- Exercise brief -
Return the entries below in their exact form, leaving the pictures out.

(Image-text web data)
((

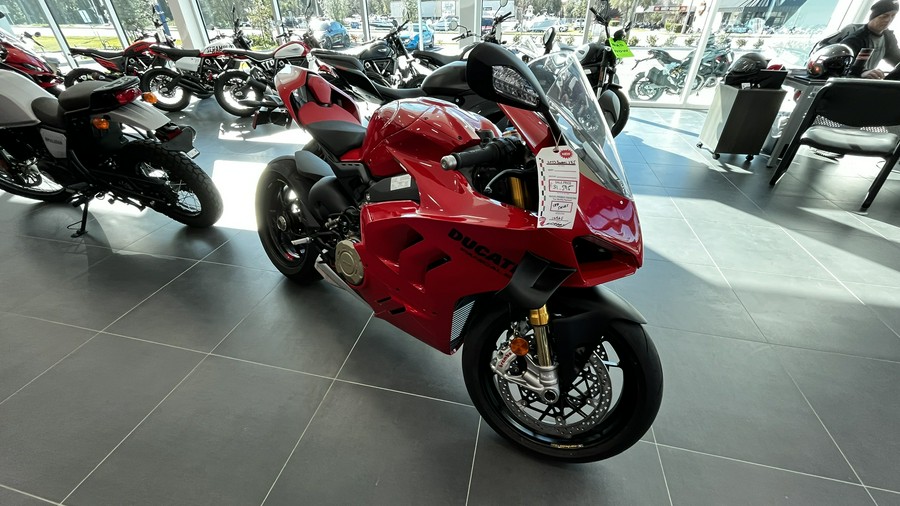 2023 Ducati Panigale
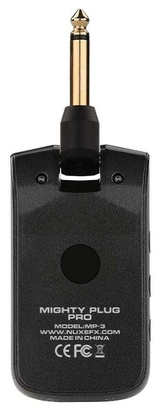 NUX Mighty Plug Pro - Wzmacniacz słuchawkowy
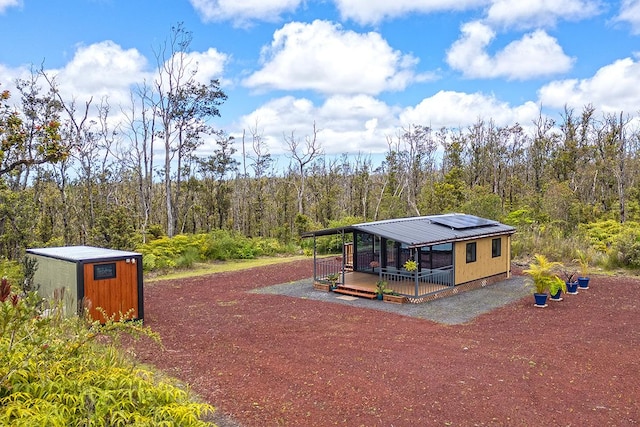 11-2647 Kaleponi Dr, Volcano, HI 96785 - photo 17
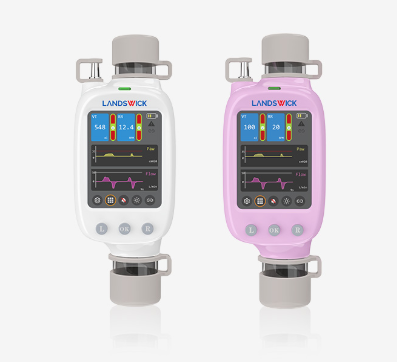 nano 100AP 简易呼吸器厂家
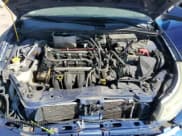 ✅ 2008 Ford Focus SE • VIN: 1FAHP35N58W172057 • Lot: 85383065. Wystawiony na Copart z przebiegiem 181 650 mil. Bezpłatny archiwum sprzedaży aukcyjnych z USA i szczegółowy raport historii pojazdu na DreamBid. Zdjęcie 11.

))

- Output of the exercise -
 2023 Ducati Panigale
 NUX Mighty Plug Pro - Wzmacniacz słuchawkowy
 11-2647 Kaleponi Dr, Volcano, HI 96785 - photo 17
 nano 100AP 简易呼吸器厂家
 ✅ 2008 Ford Focus SE • VIN: 1FAHP35N58W172057 • Lot: 85383065. Wystawiony na Copart z przebiegiem 181 650 mil. Bezpłatny archiwum sprzedaży aukcyjnych z USA i szczegółowy raport historii pojazdu na DreamBid. Zdjęcie 11.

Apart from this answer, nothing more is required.